Iseppi scioglie parecchi nodi, riporta le ipotesi finora formulate e con cognizione di causa propone la versione più accreditata, lasciando aperta la questione quando nessuna interpretazione è convincente. È il caso della parola ‘burca’, tanto importante per il nostro centro. Rifiuta le proposte formulate (p. 160), ma grazie a una citazione del giornalista Franco Monteforte egli mi fornisce la prova che la mia personale chiave di lettura di questa parola non è altro che ‘vuoto’, il vuoto tra due o più case. Ed ecco la spiegazione: nella suddetta nota a p. 248 a proposito della Via dei Palazzi si legge che «la carreggiata costituiva una fascia comune ‘vuota’ che garantiva quello spazio libero ‘di vita sana e piacevole’ tra il verde e l’abitazione». La chiave è la parola ‘vuoto’ adoperata per un luogo di transito. Ora, cosa ha a che fare ‘vuoto’ con ‘burca’? Ecco la risposta: sopra l’alpe di Torno c’è un pascolo che si chiama Laras burch, codificato in ‘Lariceburco’ a p. 23 del Protocollo del Monte alpivo di Torno cominciato nel 1893 (Archivio privato, Le Prese); i nostri vecchi ci spiegavano che burch non aveva niente a che fare con ‘borgo’ o Friburgo o nomi del genere; burch voleva dire ‘vuoto’ in quanto si trattava di un larice marcio e svuotato nel mezzo. Fosse anche solo etimologia popolare, questa spiegazione potrebbe valere anche per la parola dialettale ‘burcheta’ e le parole italianissime di burchio e burchiello, che sono un tipo di barche.

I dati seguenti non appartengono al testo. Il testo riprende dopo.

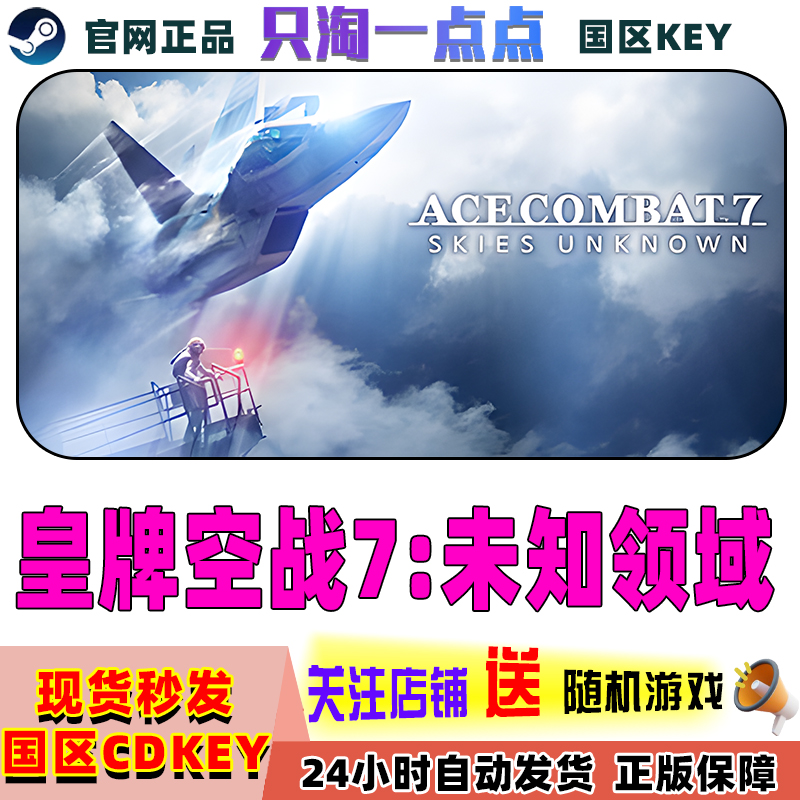steam正版国区皇牌空战未知领域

Un discorso analogo vale per le dodici schede sulle fontane redatte da Alessandra Jochum-Siccardi che ha fatto anche la revisione di tutta l’opera. Basandosi, per quanto riguarda l’ubicazione, sull’odonomastica sviscerata dal collega Fernando, Alessandra illustra la rete idrica e le fontane e racconta la loro storia. È un piacere leggere la limpida descrizione dei vari elementi che compongono gli impianti, dalla primitiva capiente vasca in lastroni di granito o beola, a quelle in cemento armato, per ritornare a quelle in pietra, anzi in serpentino del Clef o nuvolato di Zalende. È interessante seguire l’evoluzione dei vari sistemi di approvvigionamento, dai corsi d’acqua naturali alle fontane, all’acqua corrente in ogni casa, e constatare il mutamento della funzione utilitaristica delle fontane in funzione estetica e rappresentativa. Ovviamente la scheda più illuminante è quella della fontana in Piazza, proprio per la sua antichità, la sua importanza, quella che più di ogni altra rispecchia l’urbanizzazione di Poschiavo. Le fontane, non meno delle strade, ci appaiono come la cartina al tornasole dei cambiamenti epocali. Anche Alessandra si basa sulle fonti sopra citate. Fra tanti inarrestabili cambiamenti anche da questi documenti scritti emerge la costante incrollabile della tradizione di italianizzare i nomi, alla quale Alessandra aderisce coerentemente nei nomi delle fontane, ed evitando quel non so che di fastidioso che suscita un testo in lingua infarcito di dialetto.